- **EXERCISE REQUIREMENTS**: Present the following entries again, word for word and in full.

Crawled caption data:
--

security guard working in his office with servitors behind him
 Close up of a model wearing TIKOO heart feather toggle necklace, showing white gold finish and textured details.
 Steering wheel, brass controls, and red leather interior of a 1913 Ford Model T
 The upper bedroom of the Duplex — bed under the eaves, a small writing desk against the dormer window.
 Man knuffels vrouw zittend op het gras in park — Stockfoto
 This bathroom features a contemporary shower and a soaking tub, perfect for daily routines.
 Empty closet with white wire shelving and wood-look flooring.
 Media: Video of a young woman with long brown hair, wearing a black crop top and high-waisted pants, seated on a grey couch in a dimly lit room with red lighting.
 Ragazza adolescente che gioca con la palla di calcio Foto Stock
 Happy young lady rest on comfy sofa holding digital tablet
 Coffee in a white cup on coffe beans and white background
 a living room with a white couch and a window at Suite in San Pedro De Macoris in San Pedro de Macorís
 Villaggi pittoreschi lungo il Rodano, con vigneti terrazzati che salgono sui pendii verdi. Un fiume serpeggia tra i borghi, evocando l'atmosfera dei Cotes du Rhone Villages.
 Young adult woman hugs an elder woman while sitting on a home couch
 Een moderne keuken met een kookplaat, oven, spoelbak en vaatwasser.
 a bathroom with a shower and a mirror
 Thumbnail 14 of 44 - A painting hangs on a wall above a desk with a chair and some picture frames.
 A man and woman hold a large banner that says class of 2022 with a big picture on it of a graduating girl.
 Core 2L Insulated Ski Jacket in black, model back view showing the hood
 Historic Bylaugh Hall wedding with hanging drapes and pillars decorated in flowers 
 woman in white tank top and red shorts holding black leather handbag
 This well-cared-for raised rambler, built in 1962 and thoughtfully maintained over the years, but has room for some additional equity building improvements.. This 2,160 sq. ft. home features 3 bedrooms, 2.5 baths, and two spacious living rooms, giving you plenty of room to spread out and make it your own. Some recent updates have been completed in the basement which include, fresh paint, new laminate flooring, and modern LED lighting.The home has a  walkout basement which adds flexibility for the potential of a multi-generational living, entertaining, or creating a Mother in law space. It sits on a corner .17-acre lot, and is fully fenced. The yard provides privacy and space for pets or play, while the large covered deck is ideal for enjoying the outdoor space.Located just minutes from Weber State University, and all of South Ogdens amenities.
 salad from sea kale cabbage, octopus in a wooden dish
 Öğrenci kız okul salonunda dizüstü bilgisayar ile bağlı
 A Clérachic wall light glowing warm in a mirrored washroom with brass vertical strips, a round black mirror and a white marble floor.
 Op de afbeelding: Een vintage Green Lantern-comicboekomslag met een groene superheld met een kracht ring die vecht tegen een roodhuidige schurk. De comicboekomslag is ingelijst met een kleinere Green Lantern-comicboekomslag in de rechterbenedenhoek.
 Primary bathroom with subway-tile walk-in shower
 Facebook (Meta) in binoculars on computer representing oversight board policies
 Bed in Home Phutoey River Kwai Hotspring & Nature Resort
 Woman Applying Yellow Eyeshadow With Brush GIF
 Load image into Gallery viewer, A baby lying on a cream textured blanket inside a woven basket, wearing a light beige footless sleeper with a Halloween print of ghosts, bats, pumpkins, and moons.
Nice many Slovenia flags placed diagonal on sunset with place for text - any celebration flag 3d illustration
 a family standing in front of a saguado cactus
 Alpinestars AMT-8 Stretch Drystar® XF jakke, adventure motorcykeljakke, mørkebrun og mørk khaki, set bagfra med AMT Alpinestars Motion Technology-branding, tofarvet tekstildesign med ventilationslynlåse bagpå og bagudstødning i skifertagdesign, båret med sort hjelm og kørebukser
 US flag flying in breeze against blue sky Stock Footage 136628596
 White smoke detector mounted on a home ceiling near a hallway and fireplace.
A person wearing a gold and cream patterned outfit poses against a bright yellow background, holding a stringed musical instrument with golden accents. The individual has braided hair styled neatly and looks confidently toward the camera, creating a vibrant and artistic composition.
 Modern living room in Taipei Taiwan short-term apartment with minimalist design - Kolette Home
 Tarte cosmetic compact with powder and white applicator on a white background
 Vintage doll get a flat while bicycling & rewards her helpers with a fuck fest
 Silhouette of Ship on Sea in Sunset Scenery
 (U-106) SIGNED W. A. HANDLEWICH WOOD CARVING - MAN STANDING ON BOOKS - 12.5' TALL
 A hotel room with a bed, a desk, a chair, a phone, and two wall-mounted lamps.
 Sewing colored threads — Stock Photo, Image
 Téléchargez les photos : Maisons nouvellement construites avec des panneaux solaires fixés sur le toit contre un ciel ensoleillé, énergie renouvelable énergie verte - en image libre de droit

--

- **TASK ANSWER**:
security guard working in his office with servitors behind him
 Close up of a model wearing TIKOO heart feather toggle necklace, showing white gold finish and textured details.
 Steering wheel, brass controls, and red leather interior of a 1913 Ford Model T
 The upper bedroom of the Duplex — bed under the eaves, a small writing desk against the dormer window.
 Man knuffels vrouw zittend op het gras in park — Stockfoto
 This bathroom features a contemporary shower and a soaking tub, perfect for daily routines.
 Empty closet with white wire shelving and wood-look flooring.
 Media: Video of a young woman with long brown hair, wearing a black crop top and high-waisted pants, seated on a grey couch in a dimly lit room with red lighting.
 Ragazza adolescente che gioca con la palla di calcio Foto Stock
 Happy young lady rest on comfy sofa holding digital tablet
 Coffee in a white cup on coffe beans and white background
 a living room with a white couch and a window at Suite in San Pedro De Macoris in San Pedro de Macorís
 Villaggi pittoreschi lungo il Rodano, con vigneti terrazzati che salgono sui pendii verdi. Un fiume serpeggia tra i borghi, evocando l'atmosfera dei Cotes du Rhone Villages.
 Young adult woman hugs an elder woman while sitting on a home couch
 Een moderne keuken met een kookplaat, oven, spoelbak en vaatwasser.
 a bathroom with a shower and a mirror
 Thumbnail 14 of 44 - A painting hangs on a wall above a desk with a chair and some picture frames.
 A man and woman hold a large banner that says class of 2022 with a big picture on it of a graduating girl.
 Core 2L Insulated Ski Jacket in black, model back view showing the hood
 Historic Bylaugh Hall wedding with hanging drapes and pillars decorated in flowers 
 woman in white tank top and red shorts holding black leather handbag
 This well-cared-for raised rambler, built in 1962 and thoughtfully maintained over the years, but has room for some additional equity building improvements.. This 2,160 sq. ft. home features 3 bedrooms, 2.5 baths, and two spacious living rooms, giving you plenty of room to spread out and make it your own. Some recent updates have been completed in the basement which include, fresh paint, new laminate flooring, and modern LED lighting.The home has a  walkout basement which adds flexibility for the potential of a multi-generational living, entertaining, or creating a Mother in law space. It sits on a corner .17-acre lot, and is fully fenced. The yard provides privacy and space for pets or play, while the large covered deck is ideal for enjoying the outdoor space.Located just minutes from Weber State University, and all of South Ogdens amenities.
 salad from sea kale cabbage, octopus in a wooden dish
 Öğrenci kız okul salonunda dizüstü bilgisayar ile bağlı
 A Clérachic wall light glowing warm in a mirrored washroom with brass vertical strips, a round black mirror and a white marble floor.
 Op de afbeelding: Een vintage Green Lantern-comicboekomslag met een groene superheld met een kracht ring die vecht tegen een roodhuidige schurk. De comicboekomslag is ingelijst met een kleinere Green Lantern-comicboekomslag in de rechterbenedenhoek.
 Primary bathroom with subway-tile walk-in shower
 Facebook (Meta) in binoculars on computer representing oversight board policies
 Bed in Home Phutoey River Kwai Hotspring & Nature Resort
 Woman Applying Yellow Eyeshadow With Brush GIF
 Load image into Gallery viewer, A baby lying on a cream textured blanket inside a woven basket, wearing a light beige footless sleeper with a Halloween print of ghosts, bats, pumpkins, and moons.
Nice many Slovenia flags placed diagonal on sunset with place for text - any celebration flag 3d illustration
 a family standing in front of a saguado cactus
 Alpinestars AMT-8 Stretch Drystar® XF jakke, adventure motorcykeljakke, mørkebrun og mørk khaki, set bagfra med AMT Alpinestars Motion Technology-branding, tofarvet tekstildesign med ventilationslynlåse bagpå og bagudstødning i skifertagdesign, båret med sort hjelm og kørebukser
 US flag flying in breeze against blue sky Stock Footage 136628596
 White smoke detector mounted on a home ceiling near a hallway and fireplace.
A person wearing a gold and cream patterned outfit poses against a bright yellow background, holding a stringed musical instrument with golden accents. The individual has braided hair styled neatly and looks confidently toward the camera, creating a vibrant and artistic composition.
 Modern living room in Taipei Taiwan short-term apartment with minimalist design - Kolette Home
 Tarte cosmetic compact with powder and white applicator on a white background
 Vintage doll get a flat while bicycling & rewards her helpers with a fuck fest
 Silhouette of Ship on Sea in Sunset Scenery
 (U-106) SIGNED W. A. HANDLEWICH WOOD CARVING - MAN STANDING ON BOOKS - 12.5' TALL
 A hotel room with a bed, a desk, a chair, a phone, and two wall-mounted lamps.
 Sewing colored threads — Stock Photo, Image
 Téléchargez les photos : Maisons nouvellement construites avec des panneaux solaires fixés sur le toit contre un ciel ensoleillé, énergie renouvelable énergie verte - en image libre de droit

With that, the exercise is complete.